I really like the Weakerthans, and they are surprisingly unknown here in the States.  I say surprisingly because they write exceptionally catchy (almost absurdly poppy) songs which would fit on many radio stations’ playlists.  But what sets them apart is John K. Samson’s lyrics which are clever and interesting and about people and loss (maybe that’s why they never made it down here).

This World Cafe set came about shortly after the release of their last studio album, Reunion Tour.  David Dye asks some great questions (I’ve never really seen/heard any interviews with them, so it’s all new to me) and the band plays three songs from the album.

We learn that Reunion Tour was initially inspired by Edward Hopper paintings (and the whole album was going to be devoted to Hopper until Samson grew sensible again).  We also learn the official pronunciation of the recurring cat on the Weakerthans albums is Virtute (Vir-too-tay) which comes from the city of Winnipeg’s crest.

They play “Night Windows,” “Civil Twilight” (and talk about the video, which I watched and it’s very cool), and “Virtute the Cat Explains Her Departure.”  The interesting things about the Weakerthans is that they don’t sound all that different live than on record.  So, these songs aren’t terribly revelatory.  There are some effects that are changed, and the tempos feel slightly different as well.  But nevertheless, the songs sound great.  The only problem is that the set seems mixed rather loudly, so there’s distortion (unintended, I assume) on some of the tracks.

Nevertheless, this is a great introduction to a relatively unknown band.

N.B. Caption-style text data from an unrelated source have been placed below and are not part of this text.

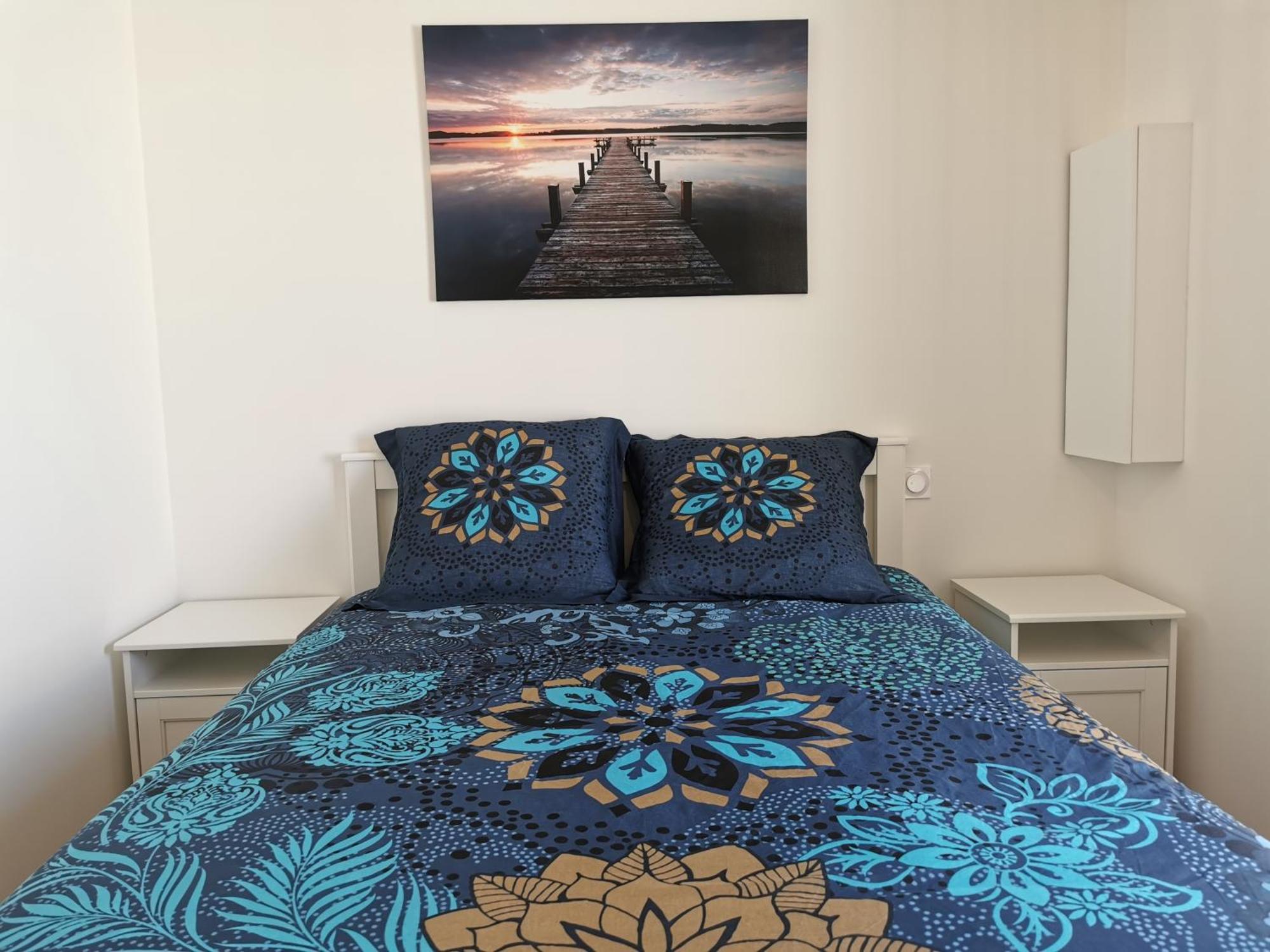 Maison Renovee A Marseillan Plage Bagian luar foto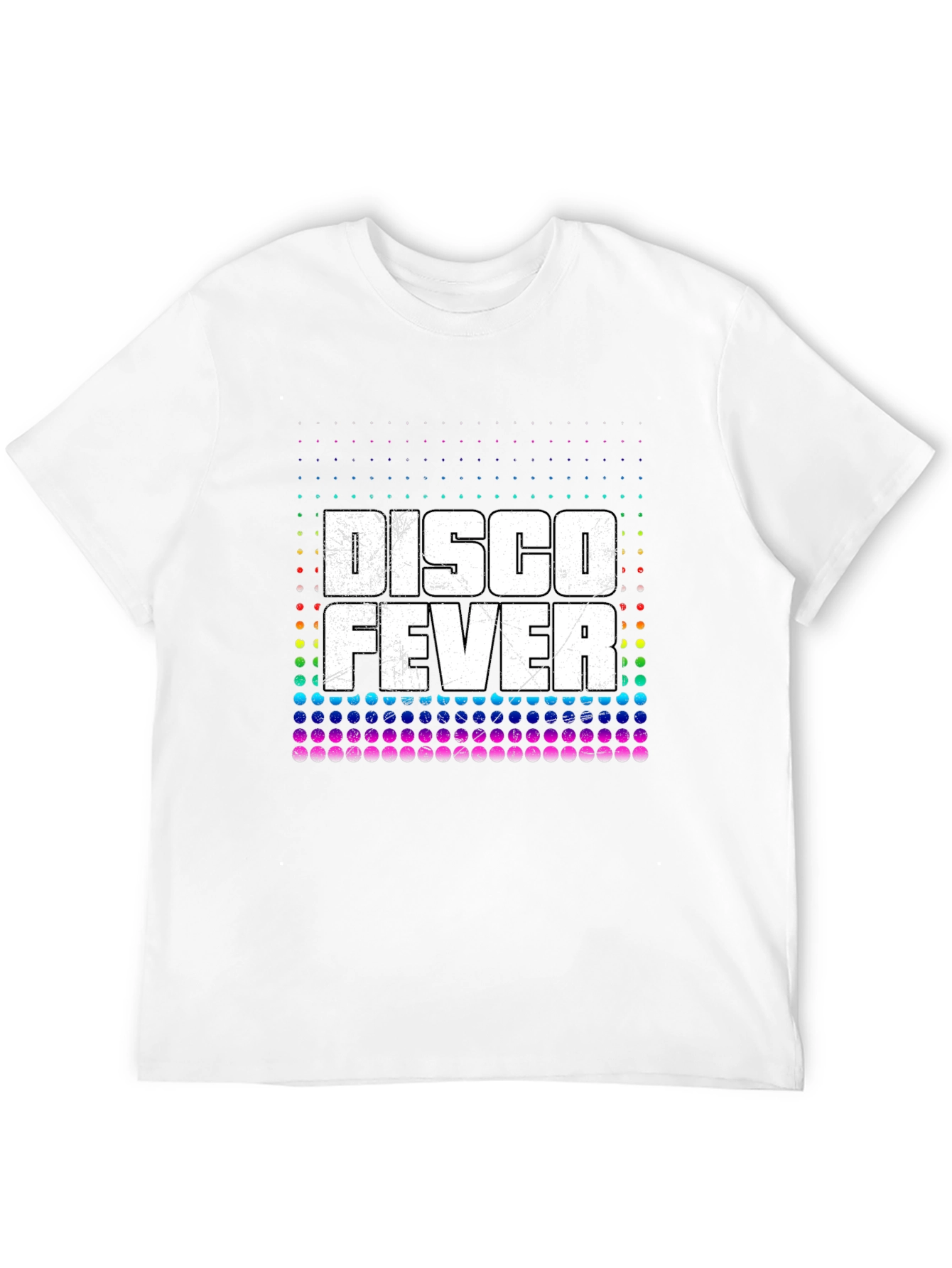 Black Disco Fever Graphic Tee - Retro Style view 12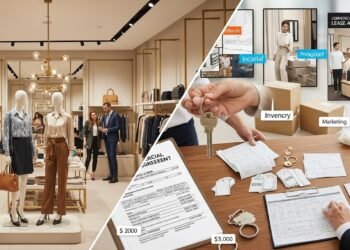 Qual o custo para montar uma loja de roupas, hoje?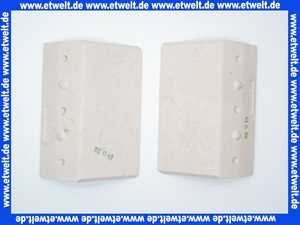 54915238 Buderus Feuerraum Seitenwand 392 mm, 3 Löcher (Set a 2 Stück)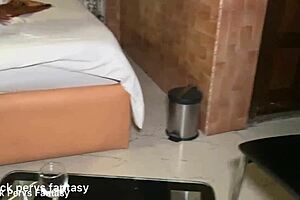 i met this tinder girl and we fucked on camera, her tits were so big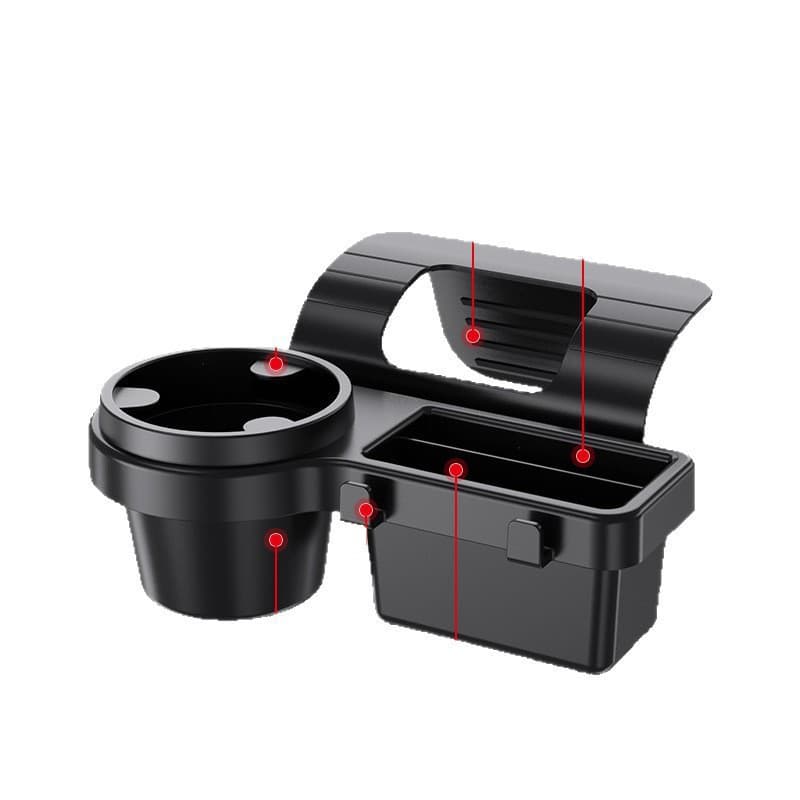 Car Multi-Function Phone Storage Box, Key Organizer, Window Side Cup Holder, Window Storage Rack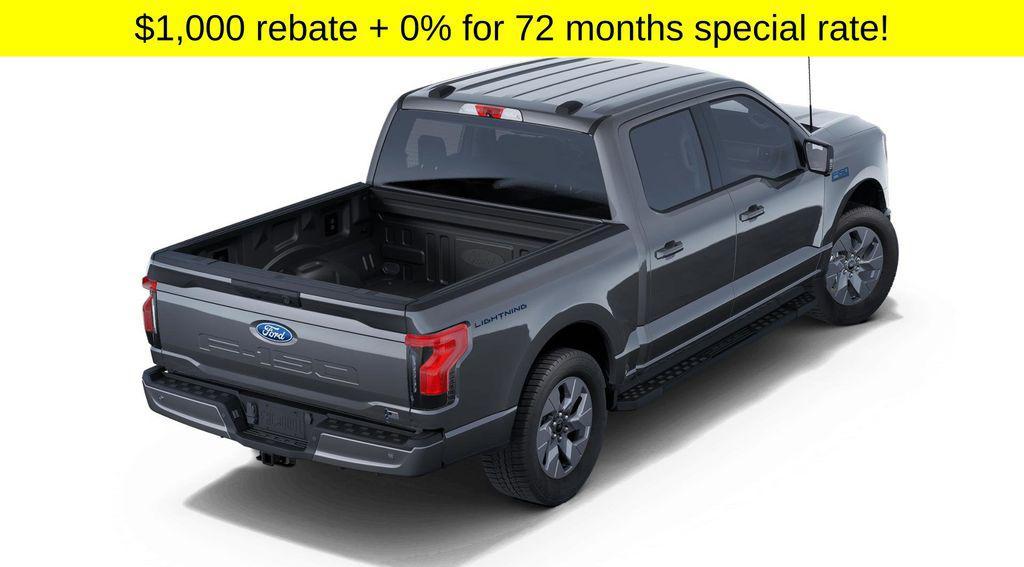 new 2025 Ford F-150 Lightning car, priced at $68,873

[READ: April 19, 2011] Five Dials Number 2

After just one issue, Five Dials has already lied to us.  In Number One, they said that all of the artwork would be black and white, but here is Number 2, and we have a host of beautiful color pictures (perhaps they only meant that Number 1 would be in black and white).   Of course, I’m only teasing them because the color pictures are really nice, and they really bring a new aspect to the magazine.

Number Two is a bit larger than Number 1 (twenty pages).  This issue has a vague sort of theme as well (it’s unclear if the issues will be thematic in the future), but this one has a general theme of adventure/nature/environmentalism. (more…)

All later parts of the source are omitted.